Appeal from the Circuit Court of Cook County. Honorable Stanley Sacks, Judge Presiding.

Released for Publication November 26, 1997.

Presiding Justice Greiman delivered the opinion of the court. Theis and Zwick, JJ., concur.

The opinion of the court was delivered by: Greiman

PRESIDING JUSTICE GREIMAN delivered the opinion of the court:

Defendant Rolando Garcia was charged by indictment with a single count of possession of a controlled substance (15 or more grams but less than 100 grams of cocaine) with intent to deliver. Following a jury trial, defendant was convicted of the lesser included offense of possession of a controlled substance and sentenced to seven years' imprisonment. On appeal, defendant contends that: (1) the trial court abused its discretion in instructing the jury, sua sponte and over defendant's objection, on the lesser-included offense of possession of a controlled substance, and (2) he was not proven guilty beyond a reasonable doubt. For the reasons that follow, we reverse.

The State's evidence established that on the morning of September 16, 1994, Chicago police officers Robert Norise, Clyde Raymond, Kenny Johnson, Cindy Zalinski, Carla Kubasak and Sergeant Thomas Martin executed a search warrant for a house, located at 5520 South Francisco in Chicago, and an arrest warrant for a person named "Hygie."

When the police arrived at the house, they knocked and identified themselves. Once inside, they met Alfredo Aguilar and an unnamed female. In searching the unfinished basement, Officer Norise saw no walls. He found dirty adult clothing, a laundry area, a bed in a sleeping area, and a pool table.

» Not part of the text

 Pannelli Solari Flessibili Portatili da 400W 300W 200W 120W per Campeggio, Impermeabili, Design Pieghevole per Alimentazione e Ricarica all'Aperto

When Officer Norise opened a utility closet, which was located along the north wall of the basement, he found a gas meter and a small, white box of plastic sandwich bags. Because he was not the police officer who had applied for the warrant, Officer Zalinski was called. The search continued after Officer Zalinski arrived. Officer Norise handed Officer Zalinski the box he had discovered on a ledge several inches over the door inside the closet. The box contained 24 smaller, plastic bags of a white, rock-like substance, a small scale and some mail. Several traffic tickets issued to defendant were found and indicated that on July 23, 1994, he lived at this address. Several court summonses, dated September 12, 1994, and issued to defendant at that address, were also found. Based upon his experience, Norise, a veteran officer, was of the opinion that the sandwich bags and the gram scale were used for selling drugs.

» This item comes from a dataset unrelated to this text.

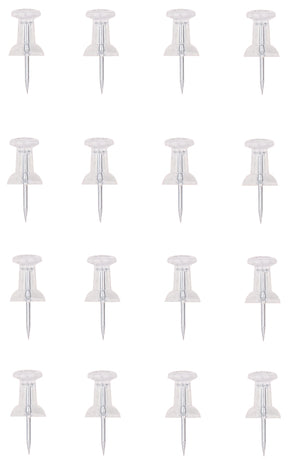 ProSource PH-122262-PS Push Pin, 23 mm L, Plastic, Clear, Round Head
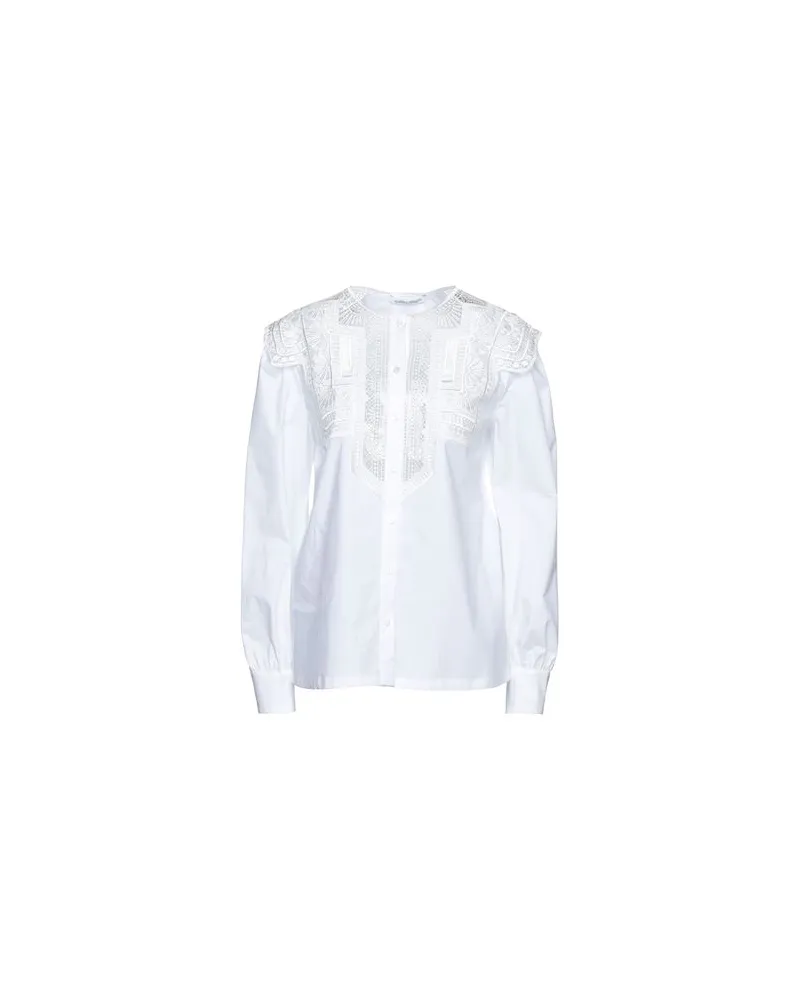 Alberta Ferretti TOPS - Hemdenauf YOOX.COM Weiß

Officer Kenneth Johnson corroborated Norise's testimony concerning the items found in the house. Officer Johnson also testified that Officer Zalinski maintained possession of the recovered contraband until it was inventoried. At the police station, Officers Zalinski and Johnson placed the suspect drugs in a heat-sealed evidence bag, marked with inventory number 1395861, and then placed the bag in the vault. All of the recovered property was recorded in the inventory book before it was sent to the crime laboratory. The items inventoried included: traffic citations, traffic court notices of nonappearances and bond forfeiture, an electric gram scale, and the clear plastic sandwich bags.

On September 28, Officer Johnson received a notice of discrepancy from the crime laboratory, stating that 25 bags had been inventoried, but only 24 bags of a white, rock-like substance were recovered from the heat-sealed envelope received by criminologist John McDonald. The next day, Officer Johnson reinventoried the evidence envelope of plastic bags attributed to defendant at 5520 South Francisco and counted 24 bags. Johnson attached a new inventory slip, which was automatically generated by the crime laboratory and reflected a new inventory number. He then attached it to the old inventory envelope.

Officer Ethel Scherr testified that on September 29, 1994, she arrested defendant in response to a call regarding a suspicious van containing two occupants in the 5400 block of South Rockwell. When Scherr approached the van and defendant did not produce identification, he was taken to the police station. At the police station, defendant provided the police with his name and address, 5520 South Francisco. When the police told defendant of an outstanding narcotics warrant for defendant's arrest, he did not seem surprised. Defendant responded that police officers had recently been to his home. The police officers then completed an arrest report verifying this information. During this inquiry, defendant showed the officers a tattoo on his arm which read "Hygie."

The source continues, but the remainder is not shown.